■ TASK PROMPT:
When a line below contains the string "Print", show that line.

Brief descriptive captions:
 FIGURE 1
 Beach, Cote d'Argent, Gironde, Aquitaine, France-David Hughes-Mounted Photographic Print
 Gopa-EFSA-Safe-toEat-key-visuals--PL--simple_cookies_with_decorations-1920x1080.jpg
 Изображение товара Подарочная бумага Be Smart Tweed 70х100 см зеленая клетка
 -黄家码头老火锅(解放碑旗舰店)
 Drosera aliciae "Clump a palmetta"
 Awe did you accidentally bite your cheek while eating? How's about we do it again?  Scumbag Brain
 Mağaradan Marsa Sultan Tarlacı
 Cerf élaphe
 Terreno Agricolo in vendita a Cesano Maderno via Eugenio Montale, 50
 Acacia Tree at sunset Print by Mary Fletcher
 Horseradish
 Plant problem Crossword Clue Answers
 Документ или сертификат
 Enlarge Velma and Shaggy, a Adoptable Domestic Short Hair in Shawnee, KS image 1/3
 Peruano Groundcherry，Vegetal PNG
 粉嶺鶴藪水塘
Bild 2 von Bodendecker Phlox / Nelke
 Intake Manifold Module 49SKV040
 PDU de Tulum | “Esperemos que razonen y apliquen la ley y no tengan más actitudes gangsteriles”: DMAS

■ RESULT OF THIS EXERCISE:
 Beach, Cote d'Argent, Gironde, Aquitaine, France-David Hughes-Mounted Photographic Print
 Acacia Tree at sunset Print by Mary Fletcher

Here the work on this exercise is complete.